PyTorch implementations of deep reinforcement learning algorithms and environments

Overview

Deep Reinforcement Learning Algorithms with PyTorch

Travis CI contributions welcome

RL PyTorch

This repository contains PyTorch implementations of deep reinforcement learning algorithms and environments.

(To help you remember things you learn about machine learning in general write them in Save All and try out the public deck there about Fast AI's machine learning textbook.)

Algorithms Implemented

  1. Deep Q Learning (DQN) (Mnih et al. 2013)
  2. DQN with Fixed Q Targets (Mnih et al. 2013)
  3. Double DQN (DDQN) (Hado van Hasselt et al. 2015)
  4. DDQN with Prioritised Experience Replay (Schaul et al. 2016)
  5. Dueling DDQN (Wang et al. 2016)
  6. REINFORCE (Williams et al. 1992)
  7. Deep Deterministic Policy Gradients (DDPG) (Lillicrap et al. 2016 )
  8. Twin Delayed Deep Deterministic Policy Gradients (TD3) (Fujimoto et al. 2018)
  9. Soft Actor-Critic (SAC) (Haarnoja et al. 2018)
  10. Soft Actor-Critic for Discrete Actions (SAC-Discrete) (Christodoulou 2019)
  11. Asynchronous Advantage Actor Critic (A3C) (Mnih et al. 2016)
  12. Syncrhonous Advantage Actor Critic (A2C)
  13. Proximal Policy Optimisation (PPO) (Schulman et al. 2017)
  14. DQN with Hindsight Experience Replay (DQN-HER) (Andrychowicz et al. 2018)
  15. DDPG with Hindsight Experience Replay (DDPG-HER) (Andrychowicz et al. 2018 )
  16. Hierarchical-DQN (h-DQN) (Kulkarni et al. 2016)
  17. Stochastic NNs for Hierarchical Reinforcement Learning (SNN-HRL) (Florensa et al. 2017)
  18. Diversity Is All You Need (DIAYN) (Eyensbach et al. 2018)

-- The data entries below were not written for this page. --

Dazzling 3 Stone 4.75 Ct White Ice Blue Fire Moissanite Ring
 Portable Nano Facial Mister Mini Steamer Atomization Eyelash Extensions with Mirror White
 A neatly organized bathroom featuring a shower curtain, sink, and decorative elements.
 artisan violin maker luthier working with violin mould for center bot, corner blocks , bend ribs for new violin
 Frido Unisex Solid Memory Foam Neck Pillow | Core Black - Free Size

All implementations are able to quickly solve Cart Pole (discrete actions), Mountain Car Continuous (continuous actions), Bit Flipping (discrete actions with dynamic goals) or Fetch Reach (continuous actions with dynamic goals). I plan to add more hierarchical RL algorithms soon.

Environments Implemented

  1. Bit Flipping Game (as described in Andrychowicz et al. 2018)
  2. Four Rooms Game (as described in Sutton et al. 1998)
  3. Long Corridor Game (as described in Kulkarni et al. 2016)
  4. Ant-{Maze, Push, Fall} (as desribed in Nachum et al. 2018 and their accompanying code)

Results

1. Cart Pole and Mountain Car

Below shows various RL algorithms successfully learning discrete action game Cart Pole or continuous action game Mountain Car. The mean result from running the algorithms with 3 random seeds is shown with the shaded area representing plus and minus 1 standard deviation. Hyperparameters used can be found in files results/Cart_Pole.py and results/Mountain_Car.py.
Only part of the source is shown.